Jacqueline Applegate knows the value of career planning. With a PhD in organic chemistry, she decided she wanted to be a CEO just two years into her career as a graduate scientist. Twenty years later, she’s risen to the top of Bayer. Applegate was appointed its CEO for Australia, New Zealand and Oceania in January this year.
She believes the key to sticking to a career plan is to get used to switching between different priorities and knowing what you want. “It’s important to be effective at time management. You need to be adaptable. And you have able to ask the pointed questions and get to the heart of every issue,” she explains.
Applegate switched her professional focus from science to management in the early stages of her career, studying an MBA shortly after starting at Bayer because she believed it’s what she needed to do to get to CEO. “I figured, we’re a science-based company but we’re still a business. I knew I would have a better shot with a better business understanding,” she says.
Applegate joined the Bayer team in her home country of the United States.
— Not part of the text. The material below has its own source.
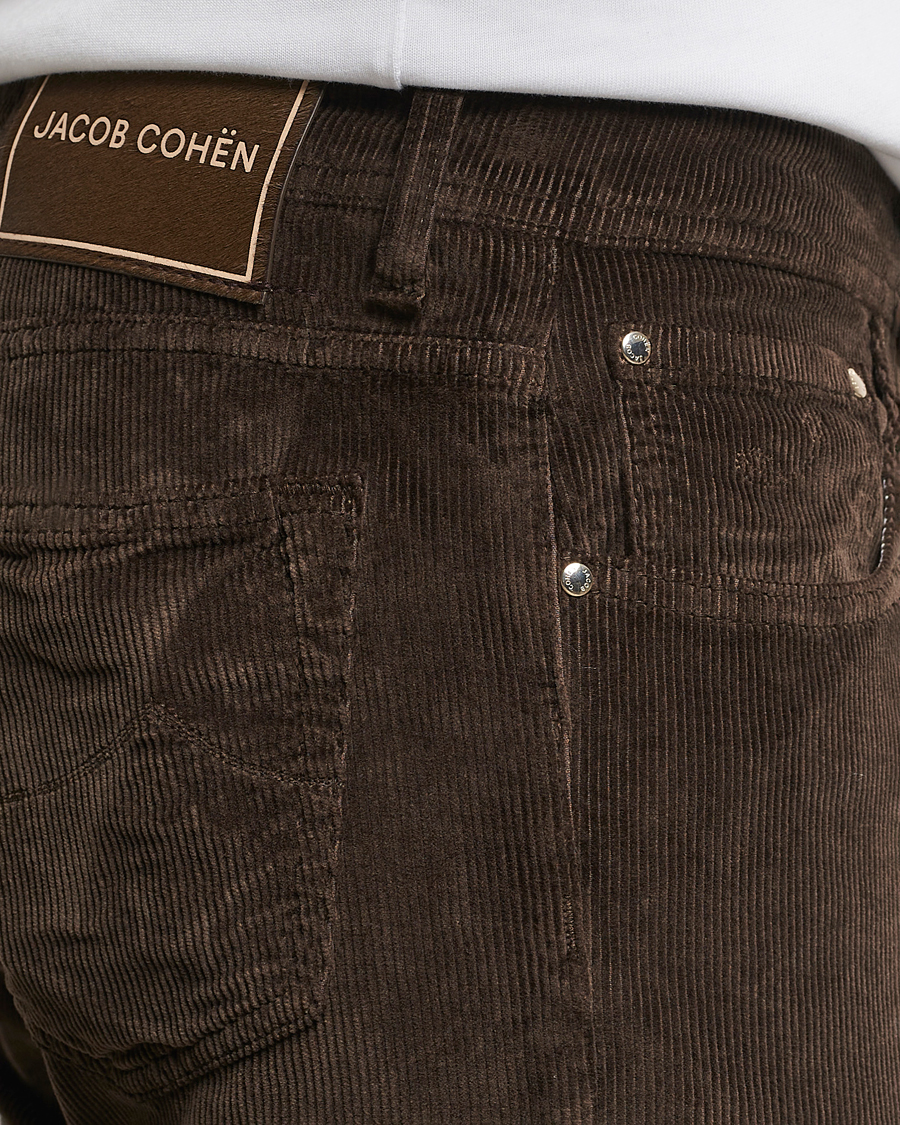 Homme | Pantalons | Jacob Cohën | Bard 5-Pocket Medium Corduroy Trousers Brown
Keen on an international career, she moved into marketing and project management roles in the company’s German office and then on to be a global head of portfolio management in environmental science in France.
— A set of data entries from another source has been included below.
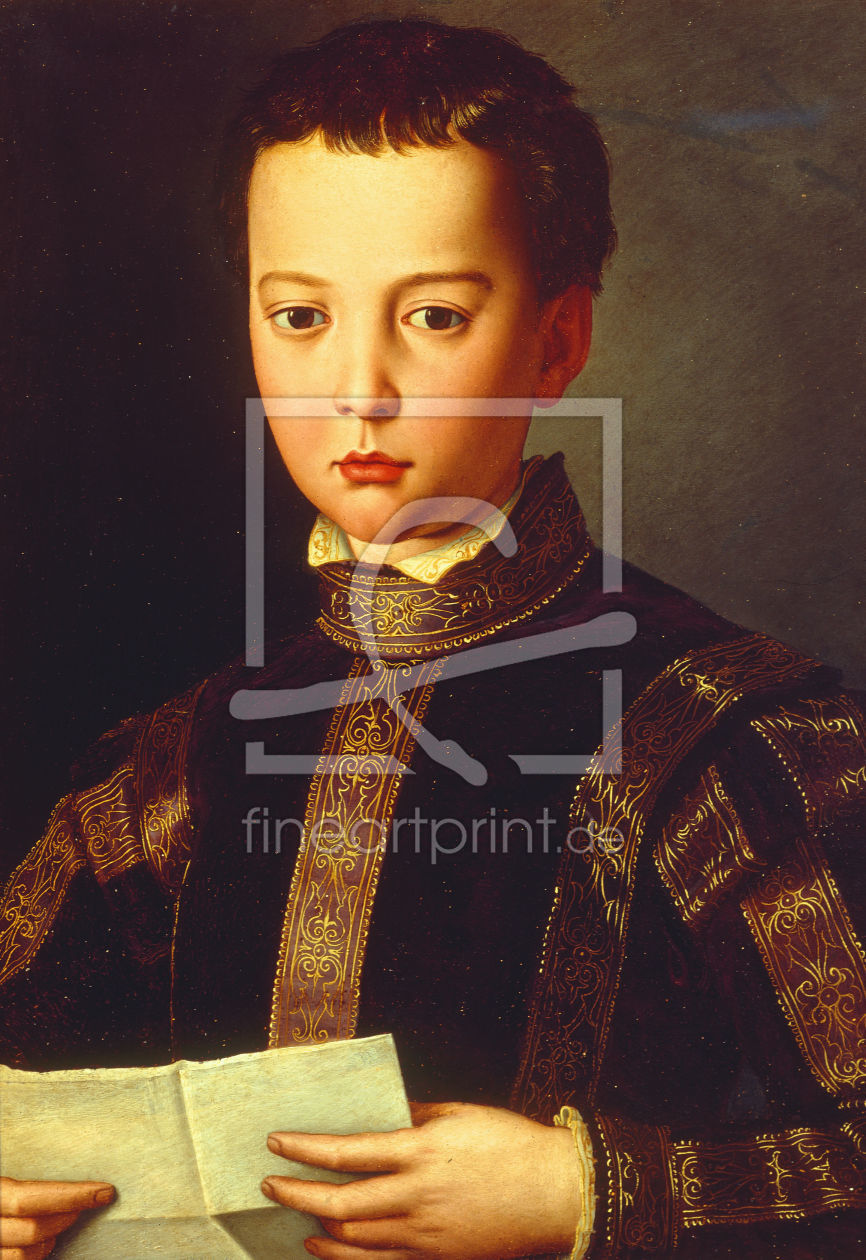 Bild-Nr.: 30002720 Franceso de' Medici/Ptg.by Bronzino/1551 erstellt von Bronzino, Agnolo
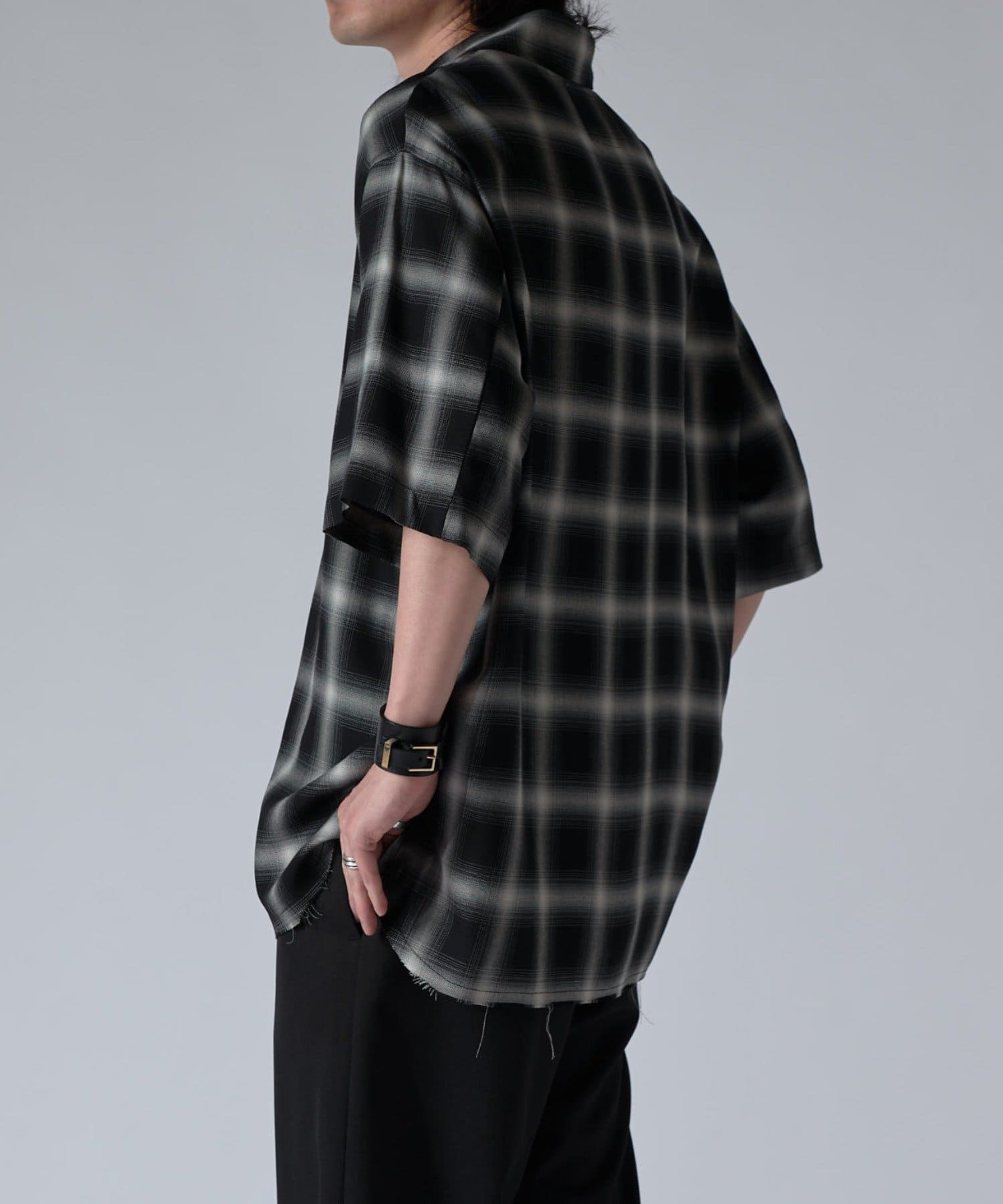 【ラスト価格】 Lui's ルイス　チェックシャツ オンブレー ツートーンシャツ Lui's（ルイス）の「オンブレーチェックシャツ（シャツ/ブラウス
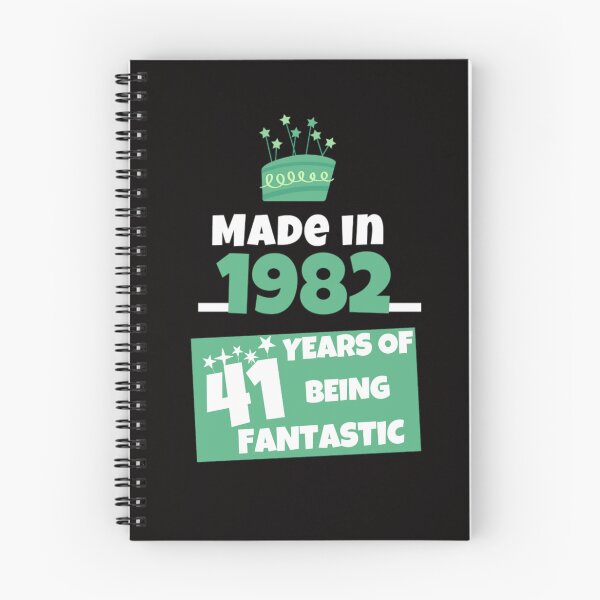 Item preview, 41 years of being fantastic, 1982 birthday ,41 th birthday designed and sold by Douniaya.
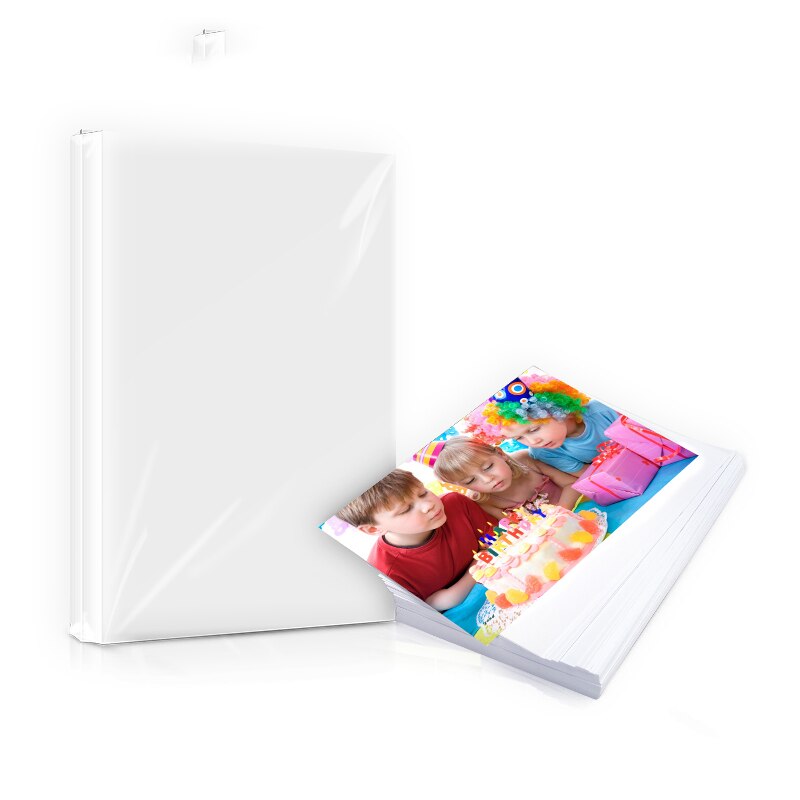 100 Sheets 4R 4x6 Glossy Printer Photographic Paper Printing for Inkjet Printers Cameras & Camcorders School Office Stationery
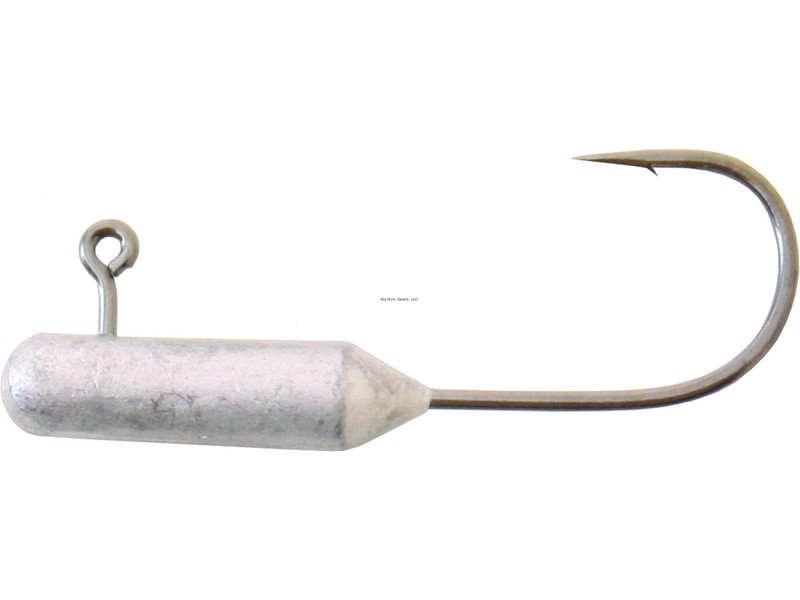 Gamakatsu 503409-1/16 Tube Jighead, 1/16 oz, Sz 2 Hook, Nickel Silver Black,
“You need to be clear about what you want to do. I’ve surpassed my original goal,” says Applegate, who originally just planned to be CEO of the manufacturing division she started in. She stresses the need to combine your personal and professional goals in your career plan to ensure your path is feasible.
Applegate says she accepted the opportunity to head up the Australia, NZ and Oceania team last year because she was ready to push herself even further, and to be financially and legally responsible for the organisation across different countries.
She made the move to Australia with her husband, David, and 10-year-old son Matthew. “David’s got the best job in the world. He’s retired and in charge of Matthew, so he has his hands full,” she says.
New to Australia, Applegate is learning to navigate the science and engineering industry. She says one of her first challenges is recruitment. “If you look globally, Australia has been extremely resilient in the economic downturn, so that makes the market here for employees very competitive.”
Staffing is just one focus for Applegate, who is also committed to a number of objectives including making 2013 the company’s first “billion-year” (Bayer Australia turned over $820,000+ last year).
She has also committed to making Bayer Australia an Employer of Choice by 2015. “I know it’s very competitive, but I think we can do it.”